December.13,2006 男女9人恋愛物語

12月10日 ポツドール
        『恋の渦』 (THEATER TOPS)

        前々回『夢の城』、前回『女のみち』に続いて3度目のポツドール。この劇団の芝居は、正直言って観るのがしんどい作業になるのだが、とにかくインパクトがある。観終わったあと、しばらく虚脱感に襲われる。それが癖になって、また出かけていくのだが。

        ある若者の住む一室。あとからわかるのだが、ここは同棲中の男女が住む部屋。そこに、友人たちが集ってくる。仲間うちで、カノジョのいない男と、カレシのいない女を引き合わせてやろうというのが目的の飲み会なのだ。若者たちは、男はどうやらみんなフリーターらしい。女は、ほとんどが同じ会社に勤めているOL仲間という設定。今どきの若者らしく髪を染め、口調もやや乱暴な口のききかたをしている。「マジ?」 「それほんとマジで?」 「マジむかつく」 「マジすごくねえ?」 「マジやばい」となにかと、「マジ」という単語が入る。どうも、あったま悪いんじゃないかといった連中たちである。物語はここに集った男5人、女4人のここから始まる物語。暗転すると舞台は四つの部屋に分けられている。それぞれの人物の住む部屋で同時進行で話が進んでいく。どの部屋にもテレビがあり、そのテレビはいつも点けっ放し。同じ局の番組を放映している。いつでもバラエティ番組だ。何かものを深く考えようという番組ではなく、ダラダラとタレントが垂れ流す時間潰し番組。それをジッと見つめている者もあれば、ただ意味もなく点けているだけの者もいる。

        彼らの関心事はただひとつ、恋愛。彼らは四六時中恋愛のことしか考えてないようにみえる。なんとなくテレビの恋愛ドラマのようにも思えるが、この芝居は何せポツドールだ。恋愛のことしか考えていない生き物としての人間を、動物園の動物のようにして見せる。一切台詞無しで人間の欲望だけを描いた『夢の城』なんかに較べると、よりマトモな人間を描いているように見えるが、これだけ多くの台詞をもって語られる(時間が同時に動くのでお互いの台詞が被って、聞き取れないこともある)この芝居も結局、恋愛という名の欲望だけで生きている動物としての生き物を描いてる。彼らは常に携帯電話で連絡を取り合い、愛を告白し、うまくいかないとキレる。

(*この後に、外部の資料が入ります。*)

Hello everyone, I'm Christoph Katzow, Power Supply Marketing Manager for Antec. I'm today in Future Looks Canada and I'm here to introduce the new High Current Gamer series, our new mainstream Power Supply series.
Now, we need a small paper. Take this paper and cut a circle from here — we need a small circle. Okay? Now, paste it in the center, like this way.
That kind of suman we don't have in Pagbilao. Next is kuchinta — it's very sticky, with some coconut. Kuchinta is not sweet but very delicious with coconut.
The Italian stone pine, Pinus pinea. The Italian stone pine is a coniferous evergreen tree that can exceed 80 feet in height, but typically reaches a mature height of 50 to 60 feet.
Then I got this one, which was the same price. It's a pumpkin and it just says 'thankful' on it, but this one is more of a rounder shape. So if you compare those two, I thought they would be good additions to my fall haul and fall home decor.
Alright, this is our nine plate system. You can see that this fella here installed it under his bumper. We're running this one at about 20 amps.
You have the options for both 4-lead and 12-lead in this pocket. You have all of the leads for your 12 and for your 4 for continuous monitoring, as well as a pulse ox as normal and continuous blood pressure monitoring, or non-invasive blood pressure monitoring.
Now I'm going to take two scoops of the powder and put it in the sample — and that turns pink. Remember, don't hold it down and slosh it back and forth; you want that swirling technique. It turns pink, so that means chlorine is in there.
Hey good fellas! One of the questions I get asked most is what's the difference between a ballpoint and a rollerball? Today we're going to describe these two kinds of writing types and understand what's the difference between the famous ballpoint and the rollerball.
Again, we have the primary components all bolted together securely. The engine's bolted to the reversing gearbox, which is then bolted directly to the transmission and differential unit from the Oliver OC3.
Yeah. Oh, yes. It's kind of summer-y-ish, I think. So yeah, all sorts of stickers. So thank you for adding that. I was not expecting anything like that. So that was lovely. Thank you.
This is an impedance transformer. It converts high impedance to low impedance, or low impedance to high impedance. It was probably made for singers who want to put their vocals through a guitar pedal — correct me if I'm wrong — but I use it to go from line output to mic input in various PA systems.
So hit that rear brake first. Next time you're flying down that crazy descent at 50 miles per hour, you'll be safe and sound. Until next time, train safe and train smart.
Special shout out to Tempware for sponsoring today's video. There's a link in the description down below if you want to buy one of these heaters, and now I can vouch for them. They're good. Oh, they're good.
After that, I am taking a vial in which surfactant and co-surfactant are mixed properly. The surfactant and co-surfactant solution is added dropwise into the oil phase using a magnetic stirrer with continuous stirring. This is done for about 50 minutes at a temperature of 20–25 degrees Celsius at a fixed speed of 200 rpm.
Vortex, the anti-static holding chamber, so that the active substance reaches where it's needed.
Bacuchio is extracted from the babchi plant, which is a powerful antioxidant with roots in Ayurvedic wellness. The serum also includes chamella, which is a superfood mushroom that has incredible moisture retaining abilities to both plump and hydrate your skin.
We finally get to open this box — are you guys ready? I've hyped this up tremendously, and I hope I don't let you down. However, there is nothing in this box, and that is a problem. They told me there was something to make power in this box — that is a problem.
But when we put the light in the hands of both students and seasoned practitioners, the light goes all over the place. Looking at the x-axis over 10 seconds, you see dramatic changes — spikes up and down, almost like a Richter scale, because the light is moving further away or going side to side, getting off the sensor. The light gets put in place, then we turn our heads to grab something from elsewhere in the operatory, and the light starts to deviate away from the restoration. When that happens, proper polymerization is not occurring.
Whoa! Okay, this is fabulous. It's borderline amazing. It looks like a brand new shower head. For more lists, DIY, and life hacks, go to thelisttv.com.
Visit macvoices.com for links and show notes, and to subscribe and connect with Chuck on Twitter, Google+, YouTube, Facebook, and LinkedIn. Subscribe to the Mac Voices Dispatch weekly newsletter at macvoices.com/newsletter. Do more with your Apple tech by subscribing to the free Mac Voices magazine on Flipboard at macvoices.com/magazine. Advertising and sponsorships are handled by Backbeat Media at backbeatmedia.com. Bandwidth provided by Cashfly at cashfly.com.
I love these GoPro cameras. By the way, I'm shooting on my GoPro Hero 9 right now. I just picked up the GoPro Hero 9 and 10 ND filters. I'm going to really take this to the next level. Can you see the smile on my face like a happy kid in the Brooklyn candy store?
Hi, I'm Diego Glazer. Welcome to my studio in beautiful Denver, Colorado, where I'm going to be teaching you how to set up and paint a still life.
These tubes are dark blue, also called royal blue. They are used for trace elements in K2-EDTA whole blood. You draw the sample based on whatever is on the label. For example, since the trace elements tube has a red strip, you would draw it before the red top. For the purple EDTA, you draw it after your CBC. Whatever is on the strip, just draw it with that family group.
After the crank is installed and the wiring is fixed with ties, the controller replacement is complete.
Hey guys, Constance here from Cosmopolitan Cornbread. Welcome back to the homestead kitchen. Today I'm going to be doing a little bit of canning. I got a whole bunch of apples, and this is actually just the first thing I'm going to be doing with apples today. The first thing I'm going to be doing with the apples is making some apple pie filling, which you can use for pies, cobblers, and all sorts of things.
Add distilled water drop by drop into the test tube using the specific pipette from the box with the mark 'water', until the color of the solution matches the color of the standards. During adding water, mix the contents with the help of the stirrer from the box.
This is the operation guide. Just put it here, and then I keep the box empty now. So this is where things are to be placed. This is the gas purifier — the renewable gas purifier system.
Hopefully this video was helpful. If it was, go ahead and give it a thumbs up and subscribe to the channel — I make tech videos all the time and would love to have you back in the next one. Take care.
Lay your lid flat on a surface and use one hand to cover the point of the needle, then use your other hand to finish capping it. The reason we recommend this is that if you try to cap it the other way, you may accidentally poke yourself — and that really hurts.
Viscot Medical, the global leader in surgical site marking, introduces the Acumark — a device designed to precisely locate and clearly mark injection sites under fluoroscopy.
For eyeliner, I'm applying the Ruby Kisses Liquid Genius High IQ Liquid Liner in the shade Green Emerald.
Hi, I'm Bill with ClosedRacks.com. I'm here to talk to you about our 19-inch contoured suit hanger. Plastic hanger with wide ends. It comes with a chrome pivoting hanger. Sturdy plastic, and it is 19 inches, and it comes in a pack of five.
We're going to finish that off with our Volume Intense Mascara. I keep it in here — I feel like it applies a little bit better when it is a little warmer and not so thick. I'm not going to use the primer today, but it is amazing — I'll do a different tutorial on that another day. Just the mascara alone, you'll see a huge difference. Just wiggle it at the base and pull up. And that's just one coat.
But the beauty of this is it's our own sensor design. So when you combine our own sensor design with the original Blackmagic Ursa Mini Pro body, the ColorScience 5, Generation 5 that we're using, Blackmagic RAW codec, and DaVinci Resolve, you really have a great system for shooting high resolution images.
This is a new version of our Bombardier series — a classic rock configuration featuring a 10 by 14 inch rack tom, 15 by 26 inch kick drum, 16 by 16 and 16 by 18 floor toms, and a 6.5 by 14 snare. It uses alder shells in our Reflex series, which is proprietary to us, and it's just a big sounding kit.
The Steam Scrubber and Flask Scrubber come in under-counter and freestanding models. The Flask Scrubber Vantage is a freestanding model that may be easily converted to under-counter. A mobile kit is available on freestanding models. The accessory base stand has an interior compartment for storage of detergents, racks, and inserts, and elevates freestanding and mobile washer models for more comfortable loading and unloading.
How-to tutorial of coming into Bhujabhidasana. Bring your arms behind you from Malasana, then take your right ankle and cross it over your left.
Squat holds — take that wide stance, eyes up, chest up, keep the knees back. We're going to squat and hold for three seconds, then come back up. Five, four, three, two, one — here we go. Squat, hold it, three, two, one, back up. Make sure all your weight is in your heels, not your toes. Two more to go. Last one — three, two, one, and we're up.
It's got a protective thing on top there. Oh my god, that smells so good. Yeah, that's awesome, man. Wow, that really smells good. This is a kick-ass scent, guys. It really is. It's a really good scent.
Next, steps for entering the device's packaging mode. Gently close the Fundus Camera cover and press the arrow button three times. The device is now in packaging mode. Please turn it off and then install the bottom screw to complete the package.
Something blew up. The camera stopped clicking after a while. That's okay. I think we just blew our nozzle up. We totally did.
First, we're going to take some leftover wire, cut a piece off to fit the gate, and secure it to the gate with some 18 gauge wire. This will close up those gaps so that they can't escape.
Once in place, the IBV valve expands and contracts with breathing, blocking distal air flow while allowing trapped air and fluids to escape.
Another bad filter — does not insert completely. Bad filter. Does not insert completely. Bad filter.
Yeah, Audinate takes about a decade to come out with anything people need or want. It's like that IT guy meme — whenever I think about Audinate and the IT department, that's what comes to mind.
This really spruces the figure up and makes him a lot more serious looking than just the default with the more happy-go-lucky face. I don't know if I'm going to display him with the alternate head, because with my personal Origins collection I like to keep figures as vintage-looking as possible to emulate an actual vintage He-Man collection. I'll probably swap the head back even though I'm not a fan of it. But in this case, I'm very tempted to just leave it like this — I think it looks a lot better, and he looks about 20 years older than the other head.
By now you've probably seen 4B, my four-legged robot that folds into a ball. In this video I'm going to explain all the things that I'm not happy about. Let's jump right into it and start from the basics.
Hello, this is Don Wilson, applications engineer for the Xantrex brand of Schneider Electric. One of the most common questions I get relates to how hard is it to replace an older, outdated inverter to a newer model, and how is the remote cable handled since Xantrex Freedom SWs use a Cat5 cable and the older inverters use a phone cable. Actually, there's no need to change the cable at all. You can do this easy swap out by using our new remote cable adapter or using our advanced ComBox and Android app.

        ポツドールの芝居を観たあとに感じる興奮と虚脱感は何なんだろう。人間の持つ理性を引っ剥がしたときに現れる、感情と欲望だけの本能で生きている者たち。それを理性を持ちながら見守っていく芝居体験。この作業は正直いってキツい。しかも、他人の生活を覗き見たような、ちょっとした罪悪感をも伴って、複雑な気になってくる。次回の公演もまた行く事になるんだろうなあ。今回は女性客の姿も多く見られた。前回の『女のみち』で女性を描いたことで女性客が増えたのだろうか。


December.9,2006 目立たない者たちの目立った人生

11月26日 東京ヴォードヴィルショー
        『エキストラ』 (紀伊國屋サザンシアター)

        学生時代、友人がエキストラの事務所に登録していて、授業が無いときはエキストラとして映画やテレビドラマに出ていた。アルバイトとしてはギャラが安いので割に合わないけれども、撮影現場の空気に触れられるのが楽しいとの事だった。私もやってみたいなあと思っていたが、当時はむしろ、そんな時間があったらば映画館の暗闇にいた方が好きだった。だから他のアルバイトをしながら名画座に入り浸る日々を送っていた。そんな中でも一度だけエキストラをやった事がある。唐十郎が監督した『任侠外伝 玄界灘』だ。一日の営業が終了した川崎のストリップ劇場を借りて徹夜で撮影が行われた。知り合いの雑誌編集者から、その日の夜に電話で呼び出され現場に行った。なにしろ急な呼び出しだったので、どんな服装で行ったらいいのかわからなかった。真冬のことだったので赤いセーターを着てコートを羽織って出かけてしまった。この日の撮影シーンは、ストリッパー役の李礼仙が踊っていると、客のひとりが李礼仙に触ったので、用心棒役の大前均がこの客に蹴りを入れる。すると怒った客全員が舞台に上がり、大前均らヤクザ数人と乱闘になるというくだりだ。2回のリハーサルのあと本番。私も舞台に駆け上がって乱闘に加わった。数ヵ月後映画は完成し、私も試写室に招待されて観た。私はしっかりと写っていた。赤いセーターの色がいやでも目に入ってくる。結構目立っているのだ。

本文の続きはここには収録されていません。